I have now visited twice in the winter months and once during the height of summer. Having a brother that lives there definitely encourages the return visits, but I always have a great deal of fun every time I go.
For this visit I did the mandatory tour of the Snowking’s ice castle and spent some time admiring the results of the annual snow sculpture contest. The 1st place winner was an absolute masterpiece incorporating old man winter taking a bite out of a wooden cabin. It was hard to believe one could sculpt wood grain and forehead wrinkles from snow. Amazing.
Following the Snowking’s castle, my brother and I sampled the local beer at the NWT Brewing Co., hiked up to Pilot’s Monument where I took the panoramic shot for the graphic at the top of this page and visited one of the most authentic territory restaurants YK has to offer – Bullock’s Bistro.
For a town of some 20,000 souls, the dining experience is fairly impressive considering the cost to operate an establishment in this environment. The heating and electrical bills are some of the highest in all of Canada – and considering that for 7 to 8 months of the year you could easily freeze your knickers stiff if you stood still for too long.
Every time I visit, I struggle with the fact that my home is in the south with respect to Yellowknife. A fact that was unthought-of while growing up in Ontario. I always believed that I was in the north, but in reality, Yellowknife is as far north from Ottawa, Ontario (where I currently live) as Jacksonville, Florida is to the south. And when it comes to having a unique northern experience, the ice roads will provide one of those many must have stories when you return home.

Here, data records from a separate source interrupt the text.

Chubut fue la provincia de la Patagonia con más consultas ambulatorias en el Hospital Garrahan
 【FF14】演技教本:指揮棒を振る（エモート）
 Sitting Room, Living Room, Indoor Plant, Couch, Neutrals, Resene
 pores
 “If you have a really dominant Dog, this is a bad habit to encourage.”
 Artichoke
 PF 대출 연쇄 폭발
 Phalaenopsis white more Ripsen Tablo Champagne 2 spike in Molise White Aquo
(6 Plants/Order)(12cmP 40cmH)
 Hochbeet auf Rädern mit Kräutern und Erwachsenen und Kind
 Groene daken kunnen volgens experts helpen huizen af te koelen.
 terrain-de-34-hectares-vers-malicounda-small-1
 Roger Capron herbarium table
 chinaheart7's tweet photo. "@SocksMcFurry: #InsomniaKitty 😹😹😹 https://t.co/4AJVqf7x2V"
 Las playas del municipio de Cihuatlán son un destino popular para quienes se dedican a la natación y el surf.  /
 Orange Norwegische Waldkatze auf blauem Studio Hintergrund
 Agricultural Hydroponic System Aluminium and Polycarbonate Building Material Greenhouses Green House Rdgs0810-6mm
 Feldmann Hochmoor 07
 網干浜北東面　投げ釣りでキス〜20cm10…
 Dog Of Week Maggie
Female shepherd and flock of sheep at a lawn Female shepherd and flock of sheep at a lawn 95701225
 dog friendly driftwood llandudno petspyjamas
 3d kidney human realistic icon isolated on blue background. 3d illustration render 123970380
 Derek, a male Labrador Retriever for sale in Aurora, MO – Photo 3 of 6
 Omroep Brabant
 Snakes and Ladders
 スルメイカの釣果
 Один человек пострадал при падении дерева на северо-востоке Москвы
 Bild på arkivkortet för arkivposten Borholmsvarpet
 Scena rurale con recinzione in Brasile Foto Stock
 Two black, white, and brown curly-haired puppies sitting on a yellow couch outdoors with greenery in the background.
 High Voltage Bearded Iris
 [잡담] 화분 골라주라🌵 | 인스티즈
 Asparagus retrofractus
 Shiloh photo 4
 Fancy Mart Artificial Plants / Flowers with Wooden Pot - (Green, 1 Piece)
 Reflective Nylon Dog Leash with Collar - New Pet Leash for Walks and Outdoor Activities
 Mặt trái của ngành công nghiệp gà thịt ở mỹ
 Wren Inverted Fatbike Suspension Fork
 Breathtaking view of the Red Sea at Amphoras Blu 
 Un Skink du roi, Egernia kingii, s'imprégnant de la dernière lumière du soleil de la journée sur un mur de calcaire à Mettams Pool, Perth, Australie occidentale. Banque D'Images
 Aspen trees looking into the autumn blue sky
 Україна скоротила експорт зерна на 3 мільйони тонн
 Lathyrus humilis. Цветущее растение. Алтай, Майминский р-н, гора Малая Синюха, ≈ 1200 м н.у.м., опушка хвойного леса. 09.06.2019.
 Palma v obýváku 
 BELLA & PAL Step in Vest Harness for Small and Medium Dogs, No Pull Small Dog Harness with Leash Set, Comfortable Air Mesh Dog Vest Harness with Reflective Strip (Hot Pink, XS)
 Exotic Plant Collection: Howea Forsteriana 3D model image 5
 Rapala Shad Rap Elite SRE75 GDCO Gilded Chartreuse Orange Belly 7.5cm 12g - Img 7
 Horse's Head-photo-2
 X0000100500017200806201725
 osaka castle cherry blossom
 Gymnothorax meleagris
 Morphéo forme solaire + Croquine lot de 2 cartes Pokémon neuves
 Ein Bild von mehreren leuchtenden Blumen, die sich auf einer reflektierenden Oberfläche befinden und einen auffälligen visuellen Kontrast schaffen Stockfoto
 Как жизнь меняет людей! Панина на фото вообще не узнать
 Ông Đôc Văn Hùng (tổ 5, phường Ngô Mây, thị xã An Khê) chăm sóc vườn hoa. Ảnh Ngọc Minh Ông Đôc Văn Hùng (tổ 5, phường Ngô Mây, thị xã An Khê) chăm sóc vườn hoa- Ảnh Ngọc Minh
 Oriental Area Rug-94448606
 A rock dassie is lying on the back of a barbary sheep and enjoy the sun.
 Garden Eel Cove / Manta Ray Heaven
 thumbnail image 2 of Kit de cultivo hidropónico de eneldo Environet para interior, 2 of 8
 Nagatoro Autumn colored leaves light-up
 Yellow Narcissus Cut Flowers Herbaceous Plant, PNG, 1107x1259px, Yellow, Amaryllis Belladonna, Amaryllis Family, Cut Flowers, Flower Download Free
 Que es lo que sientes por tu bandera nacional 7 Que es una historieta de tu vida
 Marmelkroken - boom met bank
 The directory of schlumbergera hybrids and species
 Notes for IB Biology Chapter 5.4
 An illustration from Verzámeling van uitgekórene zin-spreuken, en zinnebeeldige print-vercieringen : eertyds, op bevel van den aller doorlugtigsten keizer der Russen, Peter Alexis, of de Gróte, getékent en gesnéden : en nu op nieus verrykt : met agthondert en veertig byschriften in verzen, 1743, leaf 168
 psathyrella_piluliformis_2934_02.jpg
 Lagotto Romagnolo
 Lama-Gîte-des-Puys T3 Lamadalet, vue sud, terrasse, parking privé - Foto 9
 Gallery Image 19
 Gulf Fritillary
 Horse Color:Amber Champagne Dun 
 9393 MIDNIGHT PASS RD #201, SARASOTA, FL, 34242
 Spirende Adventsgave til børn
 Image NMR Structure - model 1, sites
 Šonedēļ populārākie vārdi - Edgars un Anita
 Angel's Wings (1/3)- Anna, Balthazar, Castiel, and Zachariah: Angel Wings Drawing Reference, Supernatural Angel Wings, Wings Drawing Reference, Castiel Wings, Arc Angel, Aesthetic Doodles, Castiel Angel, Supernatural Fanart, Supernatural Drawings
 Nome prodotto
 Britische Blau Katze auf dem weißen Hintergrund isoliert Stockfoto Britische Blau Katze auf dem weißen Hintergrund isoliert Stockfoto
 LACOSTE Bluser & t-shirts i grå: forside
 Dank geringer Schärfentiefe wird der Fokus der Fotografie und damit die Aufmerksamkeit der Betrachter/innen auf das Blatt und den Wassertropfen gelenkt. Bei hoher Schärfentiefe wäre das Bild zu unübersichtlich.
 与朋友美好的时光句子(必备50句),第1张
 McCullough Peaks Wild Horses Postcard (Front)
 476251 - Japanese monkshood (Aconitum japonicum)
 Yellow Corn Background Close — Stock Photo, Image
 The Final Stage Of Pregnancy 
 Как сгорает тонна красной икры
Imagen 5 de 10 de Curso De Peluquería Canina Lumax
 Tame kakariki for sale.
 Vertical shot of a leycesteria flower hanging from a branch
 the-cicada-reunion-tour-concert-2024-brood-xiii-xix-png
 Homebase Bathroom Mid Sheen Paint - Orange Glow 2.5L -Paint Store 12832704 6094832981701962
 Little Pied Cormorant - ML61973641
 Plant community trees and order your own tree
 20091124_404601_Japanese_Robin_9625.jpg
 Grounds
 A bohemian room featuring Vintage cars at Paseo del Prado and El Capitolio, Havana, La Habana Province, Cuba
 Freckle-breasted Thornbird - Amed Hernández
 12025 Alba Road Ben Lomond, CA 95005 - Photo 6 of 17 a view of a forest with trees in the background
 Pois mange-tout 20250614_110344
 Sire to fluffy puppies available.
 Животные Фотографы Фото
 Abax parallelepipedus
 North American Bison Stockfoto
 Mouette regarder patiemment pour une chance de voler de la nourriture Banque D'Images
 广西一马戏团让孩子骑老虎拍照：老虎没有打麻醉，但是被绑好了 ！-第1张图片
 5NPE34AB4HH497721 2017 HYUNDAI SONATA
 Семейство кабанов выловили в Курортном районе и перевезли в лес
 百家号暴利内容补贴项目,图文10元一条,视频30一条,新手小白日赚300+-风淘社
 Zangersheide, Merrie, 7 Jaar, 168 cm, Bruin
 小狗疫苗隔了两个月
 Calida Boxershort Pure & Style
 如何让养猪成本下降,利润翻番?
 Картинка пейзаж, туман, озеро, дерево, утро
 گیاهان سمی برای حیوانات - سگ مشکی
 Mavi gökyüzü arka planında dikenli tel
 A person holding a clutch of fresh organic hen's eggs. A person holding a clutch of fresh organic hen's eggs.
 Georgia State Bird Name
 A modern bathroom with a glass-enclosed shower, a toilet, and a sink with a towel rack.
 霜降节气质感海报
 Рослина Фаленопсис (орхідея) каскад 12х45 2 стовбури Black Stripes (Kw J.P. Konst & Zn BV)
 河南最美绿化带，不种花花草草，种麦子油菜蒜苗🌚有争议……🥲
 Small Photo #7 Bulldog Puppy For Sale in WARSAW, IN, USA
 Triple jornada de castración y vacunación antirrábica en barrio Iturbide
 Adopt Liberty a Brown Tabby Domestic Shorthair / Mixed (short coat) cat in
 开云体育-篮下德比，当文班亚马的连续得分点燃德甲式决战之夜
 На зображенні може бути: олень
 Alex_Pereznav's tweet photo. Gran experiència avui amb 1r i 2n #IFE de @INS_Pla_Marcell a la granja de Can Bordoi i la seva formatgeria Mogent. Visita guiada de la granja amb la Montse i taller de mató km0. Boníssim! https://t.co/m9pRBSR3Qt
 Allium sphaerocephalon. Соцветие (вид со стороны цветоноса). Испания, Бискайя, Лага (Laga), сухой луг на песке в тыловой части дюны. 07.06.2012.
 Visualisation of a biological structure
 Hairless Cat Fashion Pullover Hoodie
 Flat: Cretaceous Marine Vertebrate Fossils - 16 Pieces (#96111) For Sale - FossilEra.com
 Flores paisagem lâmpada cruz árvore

The majority of the roadways are carved out of the snow covered lakes. The truckers stick to a precise 24/7 schedule to limit any possibility of the ice fracturing along with a mind numbing, maximum speed of 25km/hour. This speed makes a round trip journey of only a few hundred kilometres a multiday ordeal.
This year, I had an opportunity to spend a couple nights out on Tibbitt Lake ice fishing and watching the trucks drive past. On one hand, it sounds bizarre to spend a night in the middle of the back country where you would expect stark silence so far from the city lights. But at the same time, to see a transport truck rumble past where normally in the summer months there wouldn’t be a single motorized vehicle with the exception of the occasional small boat.
All things considered, the trucks were far enough away that the sound of them was nearly unnoticeable from inside the well-insulated cabin.
Speaking of cabin – it took 12 hours for the cabin to reach a temperature that would be considered comfortable from an initial -37 Celsius. So of course, the first night was a bit chilly seeing as we arrived late in the afternoon. That night, the outside temp dipped below -40.
The following day was spent exploring around the cabin and catching northern pike through the three feet of ice that we had to manually drill through.
The remainder of the trip was spent hanging out with a few friends, exercising my camera’s shutter button while trying to prevent my fingers from freezing and enjoying winter.
On my next trip north I plan on finally getting out with one of the many dog sled companies that operate in the area. I really do love winter and all the activities it brings with it.